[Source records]

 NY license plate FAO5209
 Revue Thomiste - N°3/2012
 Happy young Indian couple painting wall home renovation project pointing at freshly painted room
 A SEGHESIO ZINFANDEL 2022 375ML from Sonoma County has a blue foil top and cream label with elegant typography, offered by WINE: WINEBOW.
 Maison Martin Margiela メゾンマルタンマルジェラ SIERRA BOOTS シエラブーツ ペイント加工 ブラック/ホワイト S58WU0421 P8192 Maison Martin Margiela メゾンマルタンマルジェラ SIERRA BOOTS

# Exercise
Using the data above, reproduce exactly the lines between those holding "Happy young Indian" and "A SEGHESIO ZINFANDEL", inclusive, and no others.

# The answer
 Happy young Indian couple painting wall home renovation project pointing at freshly painted room
 A SEGHESIO ZINFANDEL 2022 375ML from Sonoma County has a blue foil top and cream label with elegant typography, offered by WINE: WINEBOW.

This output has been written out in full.